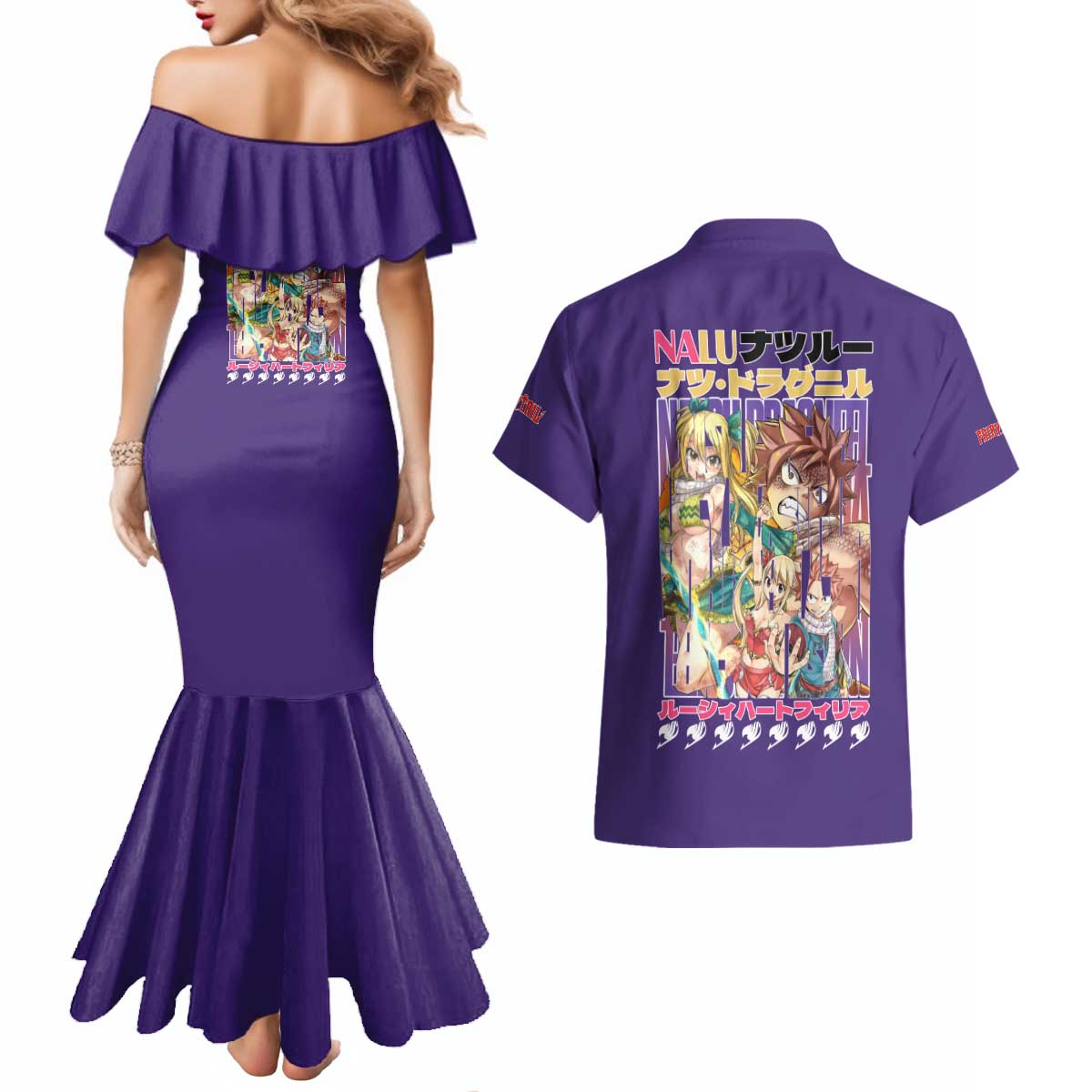 Nalu Fairy Tail Couples Matching Mermaid Dress and Hawaiian Shirt Anime Style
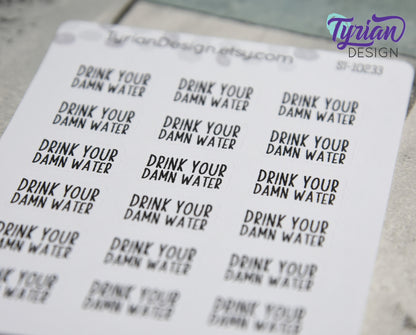 Drink your damn water Stickers | 18 Stickers | .8" x .5" each | Charley Font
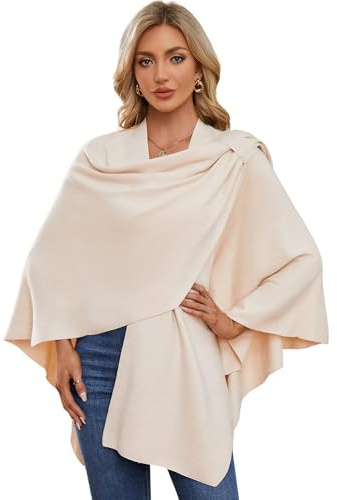PULI Womens Poncho Shawl Wrap Finely Draped Knitted Cape Cardigan Cross Front Scarf beige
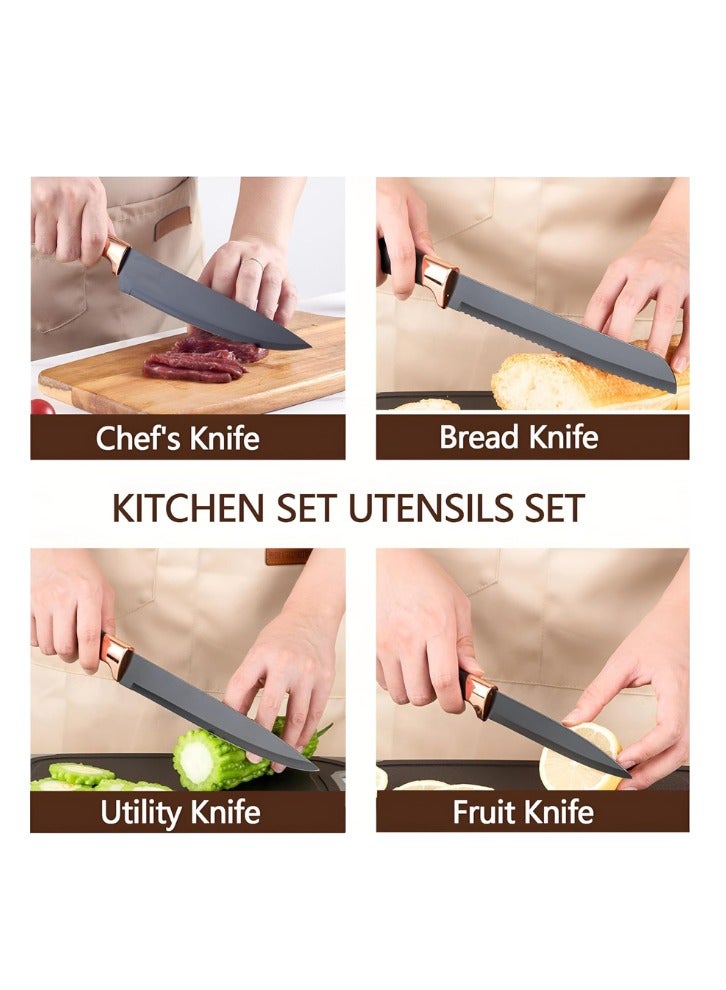 Outdoor.Market 19-Piece Silicone Kitchen Utensil Set – Heat Resistant Non-Stick Cooking Tools with Wooden Handles – Spatula, Spoon, Tongs, Whisk & More – Safe for Nonstick Cookware - Image 4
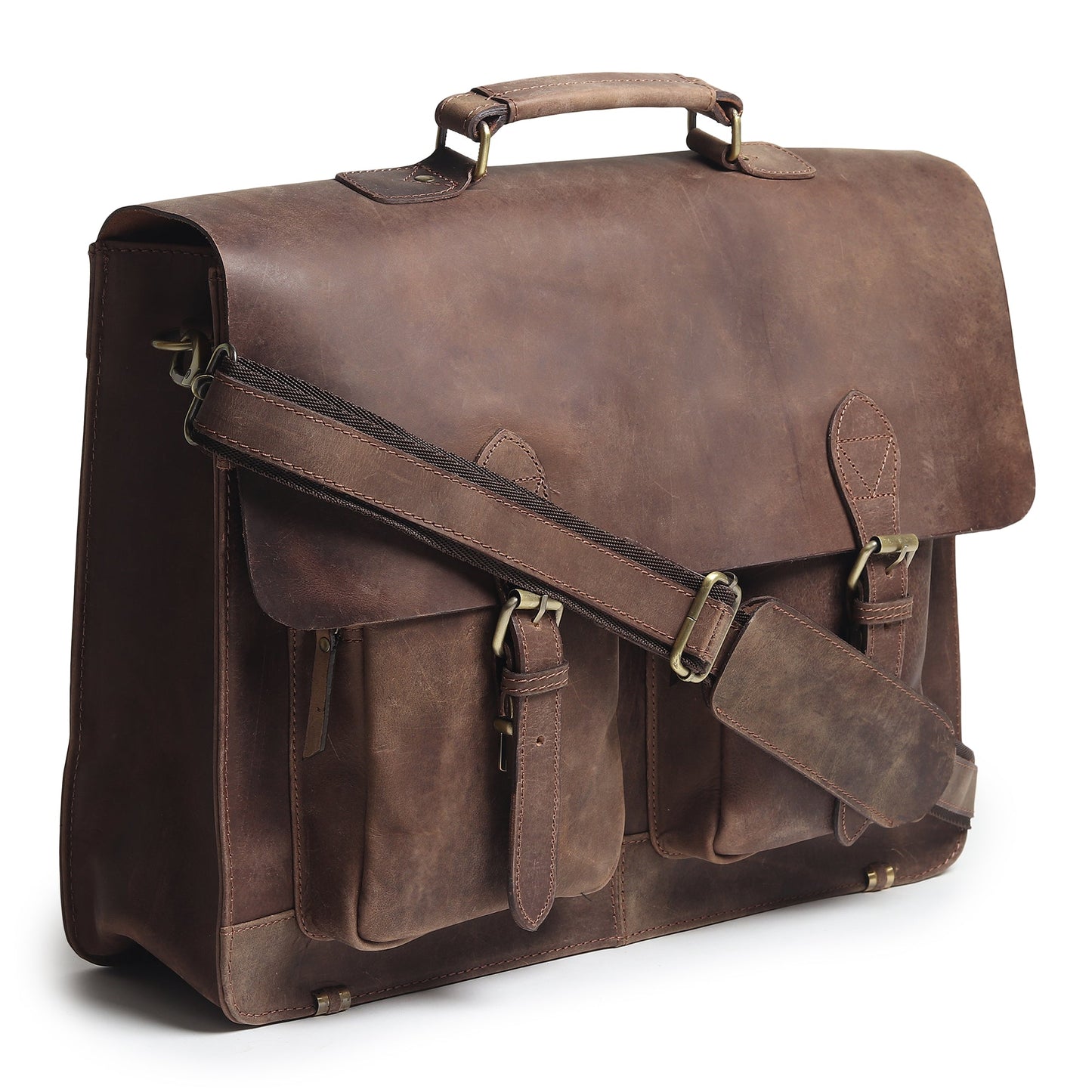 Brown buffalo leather messenger bag with crossbody strap and front buckle pockets.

* * * *

WHAT THE TASK ASKS ▸
Extract the entries in full, exactly as they are, minus the pictures.

SOLUTION TO THIS EXERCISE ▸
 Nalu Fairy Tail Couples Matching Mermaid Dress and Hawaiian Shirt Anime Style
 Drink your damn water Stickers | 18 Stickers | .8" x .5" each | Charley Font
PULI Womens Poncho Shawl Wrap Finely Draped Knitted Cape Cardigan Cross Front Scarf beige
 Outdoor.Market 19-Piece Silicone Kitchen Utensil Set – Heat Resistant Non-Stick Cooking Tools with Wooden Handles – Spatula, Spoon, Tongs, Whisk & More – Safe for Nonstick Cookware - Image 4
 Brown buffalo leather messenger bag with crossbody strap and front buckle pockets.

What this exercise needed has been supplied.